Of course, energy can be restored much more quickly by way of potions, which can be earned by playing the game and also purchased through the in-game store. A full energy potion costs 100 gold, which sells for 99 cents, and while discounts apply to larger volume purchases, the bottom line is that you better be prepared to play in very small chunks if you don’t want to fork over the dough. At the same time, you’ll almost certainly have to replay previous areas in order to increase your level and power, but the limited energy tightly restricts how much grinding can be done – and, again, how quickly you can advance through the game.
D&D: Arena of War is much like a CCG in other aspects as well. In-game rewards are earned by logging in on a daily basis, you can request assistance from other players to get past tough areas, and special powers and scrolls can be “fused” together to give them more of a punch.
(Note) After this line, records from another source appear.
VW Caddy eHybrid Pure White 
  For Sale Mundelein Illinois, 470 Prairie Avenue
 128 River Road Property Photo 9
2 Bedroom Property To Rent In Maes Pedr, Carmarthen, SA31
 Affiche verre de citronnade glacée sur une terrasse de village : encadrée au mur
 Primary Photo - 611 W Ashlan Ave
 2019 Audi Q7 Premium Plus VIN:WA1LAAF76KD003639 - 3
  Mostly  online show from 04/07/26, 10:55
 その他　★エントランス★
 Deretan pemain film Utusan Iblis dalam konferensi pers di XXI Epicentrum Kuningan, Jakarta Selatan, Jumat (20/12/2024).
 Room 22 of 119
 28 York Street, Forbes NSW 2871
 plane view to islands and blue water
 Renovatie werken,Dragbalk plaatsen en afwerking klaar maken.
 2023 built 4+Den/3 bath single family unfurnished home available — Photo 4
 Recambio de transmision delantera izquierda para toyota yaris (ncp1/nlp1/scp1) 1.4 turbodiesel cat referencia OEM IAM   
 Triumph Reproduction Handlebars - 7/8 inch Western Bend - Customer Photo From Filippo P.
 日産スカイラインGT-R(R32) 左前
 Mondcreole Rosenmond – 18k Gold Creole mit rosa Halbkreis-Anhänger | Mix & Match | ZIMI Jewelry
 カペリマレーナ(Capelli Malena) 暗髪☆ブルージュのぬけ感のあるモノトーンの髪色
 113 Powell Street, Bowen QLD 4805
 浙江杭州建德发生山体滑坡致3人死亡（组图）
Yet it lacks the element that makes those games so addictive – the collector compulsion – and the interactive combat doesn’t even come close to making up for it.
I wasn’t expecting D&D: Arena of War to be the next great role-playing game, but I certainly had higher hopes than this for the first officially-licensed Dungeons & Dragons mobile game: some stats management, perhaps a touch of role-playing, and a story to tie the whole thing together. Instead, it’s just a twist on the CCG genre that trades on the name – and that even as a free-to-play game just isn’t worth the effort. D&D fans deserve better.